There are weeds that are fake versions of plants.  Unless you are a very adept gardener, how do you know the difference?   Well you don’t  – until it comes to bearing fruit you can’t tell which is the weed and which is the plant. We are known by our fruit.

Matt 7:16 “By their fruit you will recognize them. Do people pick grapes from thornbushes, or figs from thistles?”

Don’t worry that you will not be recognized by God – the fruit that you bear will be obvious to God and to others.  God knows the difference between wheat and weeds and He is the one that matters.

This can be difficult for us because we want to stand out – we want to be recognized – we want to be affirmed.   Well, let it become obvious – not in an obnoxious way – not in waving a banner about how great you are – or calling attention to yourself but by bearing good fruit.  What is the fruit that we are called to bear… the fruit of the Spirit.

Galatians  5:  22 But the fruit of the Spirit is love, joy, peace, forbearance, kindness, goodness, faithfulness, 23 gentleness and self-control. Against such things there is no law.

God is the one who decides who is “in” and who is “out” not us

I recently read a little saying…

“While I was busy judging others, I left the closet door open and a bunch of skeletons fell out.”

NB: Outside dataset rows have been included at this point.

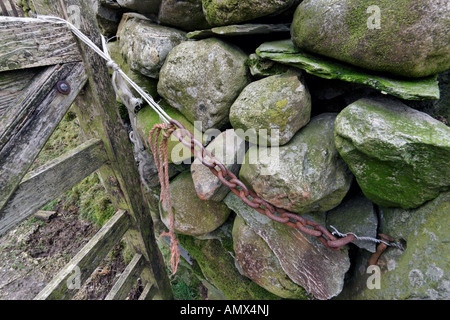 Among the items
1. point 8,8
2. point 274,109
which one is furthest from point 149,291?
point 8,8

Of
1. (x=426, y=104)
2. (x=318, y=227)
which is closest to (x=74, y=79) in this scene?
(x=318, y=227)

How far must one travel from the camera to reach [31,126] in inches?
55.7

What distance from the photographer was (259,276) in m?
2.01

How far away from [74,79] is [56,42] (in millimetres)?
235

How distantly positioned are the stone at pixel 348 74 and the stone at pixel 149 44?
928 mm

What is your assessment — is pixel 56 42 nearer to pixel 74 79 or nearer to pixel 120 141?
pixel 74 79

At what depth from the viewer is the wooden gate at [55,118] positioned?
133 centimetres

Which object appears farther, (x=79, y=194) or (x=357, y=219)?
(x=79, y=194)

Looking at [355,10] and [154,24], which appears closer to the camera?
[355,10]

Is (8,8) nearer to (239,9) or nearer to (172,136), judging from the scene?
(172,136)

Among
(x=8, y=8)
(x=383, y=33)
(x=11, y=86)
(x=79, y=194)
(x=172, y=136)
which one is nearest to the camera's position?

Our temptation often, is to look around and to try make sense of things by sorting people into categories.   But, what if we stopped trying to figure out who is “in”and who is “out” and loved everyone?  What if we spoke hope and peace to everyone?  What if we actually took God at his word when he told us to “Love the Lord your God with all your heart soul, mind, and strength and love your neighbour ‘as yourself”?  What impact might that have?  How would things change for us and for our community?

In looking back at the picture that Jesus gives us of wheat and weeds, we know that weeds don’t become wheat so the analogy stops there.  But we do know that we are new creatures through Jesus Christ and we know that God wants to transform others as well.

So can the people around us  – even those that look like weeds to us – can they be transformed into new creatures?  Isn’t that how we got to be part of the kingdom of God – someone, maybe many someone’s did not give up on us!    They loved us.  They prayed for us.  They spoke words of hope and encouragement to us.

Let us keep doing the kingdom work and trust God to sort out the rest.   The great news that we hear in the gospel this morning is that God is responsible for what happens on the day of judgment.  It is not my responsibility or your responsibility to determine the outcome of each other’s lives.   We can trust that the master has planted good seed in the field and that he knows the difference between wheat and weeds.  In the meantime, we are called to bear fruit. We are called to be evidence of the good seed and in so doing to have an impact on the field, the family, the community, the nation where we are planted.  Amen.